Pagans and Lent

WomanSolo_1500.jpg
Spring is a time of new beginnings, and for many people, a season of sacrifice. Image by Matt Cardy/Getty News Images

Each spring, we here at About Pagan/Wiccan get numerous emails from Pagans who wonder if there's something special they need to do while their friends and family members are all getting ready to observe Lent.

A reader asks, "I'm trying to figure out what to give up for Lent. I'm a Pagan, so it's kind of hard for me to decide. Do you have any suggestions?"

Yes. If you're Pagan, a good suggestion would be to not even worry about Lent.

Here's the thing - it's a Christian holiday, and the notion of giving things up for it is unrelated to any Pagan spirituality. Lent is a forty-day period of preparation before Easter, and the whole "giving stuff up" bit is in honor of the death and sacrifice of Jesus Christ. There's also an aspect of repenting that's included in some denominations of Christianity.

If you're not Christian, you're not obligated to observe this season at all. It's a bit like worrying about what color candles to put in your Passover display -- if it doesn't apply to your religion, it doesn't much matter.

If you want to give something up for forty days, have at it. There were a number of pre-Christian cults that embraced the notion of abstaining from something you like for a designated period of time, whether it's chocolate, sex, or endless reruns of Firefly.
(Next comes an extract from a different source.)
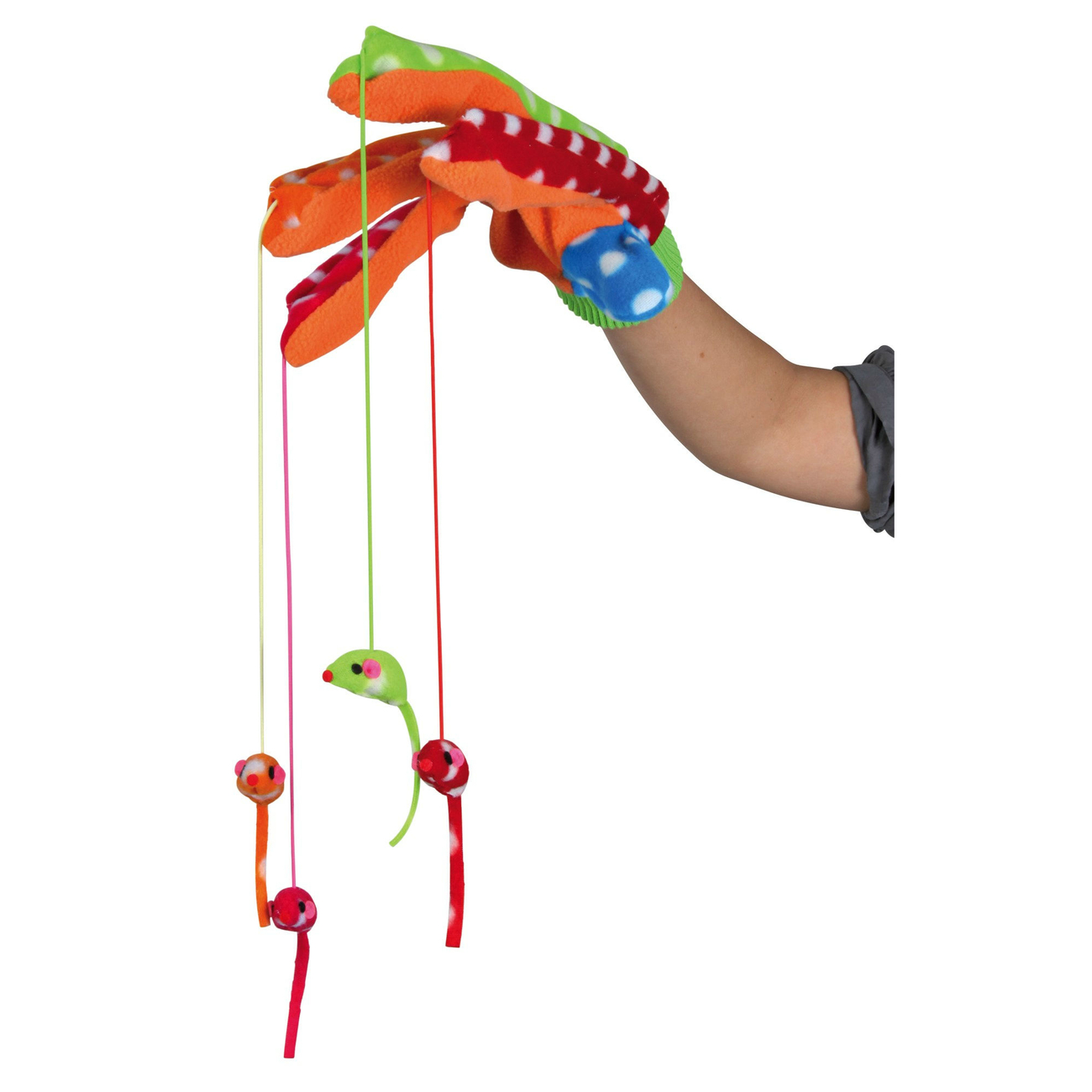 Katzen Handschuh mit 4 Hängemäusen Bild 2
It would make more sense, though, if you don't refer to it as your Lenten sacrifice, because it's something else entirely.

What that something is, though, is a personal choice.
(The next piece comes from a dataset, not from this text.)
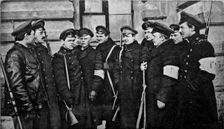 Revolutionary students after the February Revolution, Russia, 1917. Artist: Anon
Several of our readers have had suggestions as well, and we've asked them to chime in.

Nikole says: I usually give up something for Lent. I was never Catholic, I was raised Baptist. Pagan now, and I still feel that giving up something for Lent is a good idea. More of a spiritual thing, like fasting for the soul. Sometimes it’s a certain food, like soda, or sometimes it’s trying to purge myself of something I shouldn’t be doing. It just gives me a set date, which makes it easier.

Stella sees it as a time of cleansing, and says: I’ve heard arguments that food-based restrictions, esp. on fat and sugar, were a good thing to do at the end of a long winter when there was little access to fresh greens. It was a way to cleanse the liver and the system in general. One of the first herbs to be available in spring is the dandelion, another cleansing herb good for the liver and digestion. So the common sense practice of cleansing gets ritualized as part of the height of the Christian ritual celebration. It actually makes a lot of sense.
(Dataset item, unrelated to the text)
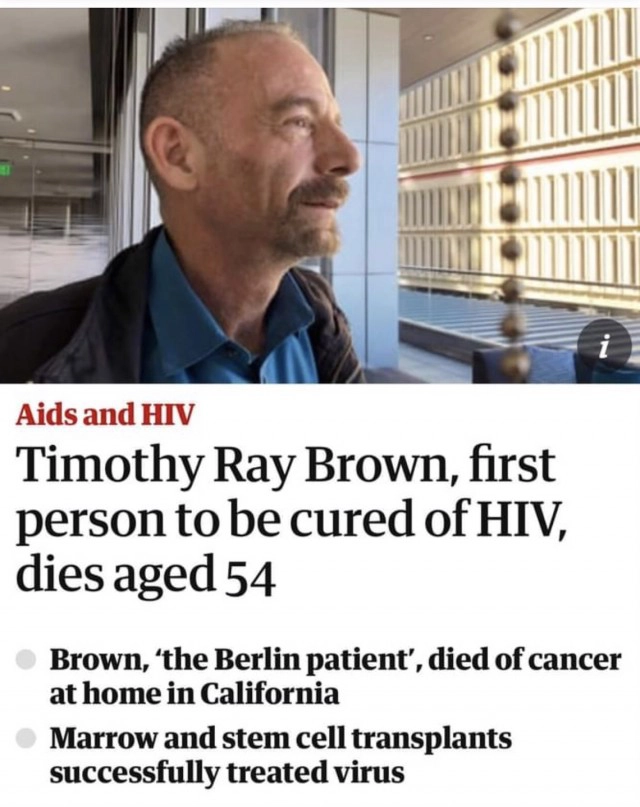 ผู้ป่วยชายชาวอเมริกันที่หายขาดจากเอชไอวีเสียชีวิต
Reader Cami looks at it as a time of spring cleaning: I use New Years resolution time and Lent time to reflect on ways to improve myself in the coming year. I will use that time to try and develop new good habits or discard bad habits. I figure forty days is a good time period to do so. I see it as “spring cleaning” for myself.

Wiccan reader Missi says: In our house Lent is an observation of self control and a chance to break a bad habit if needed, also an appreciation for the things that we love but don’t really need. All in all a celebration of humility to one’s self and it reminds us of our strength in spirit.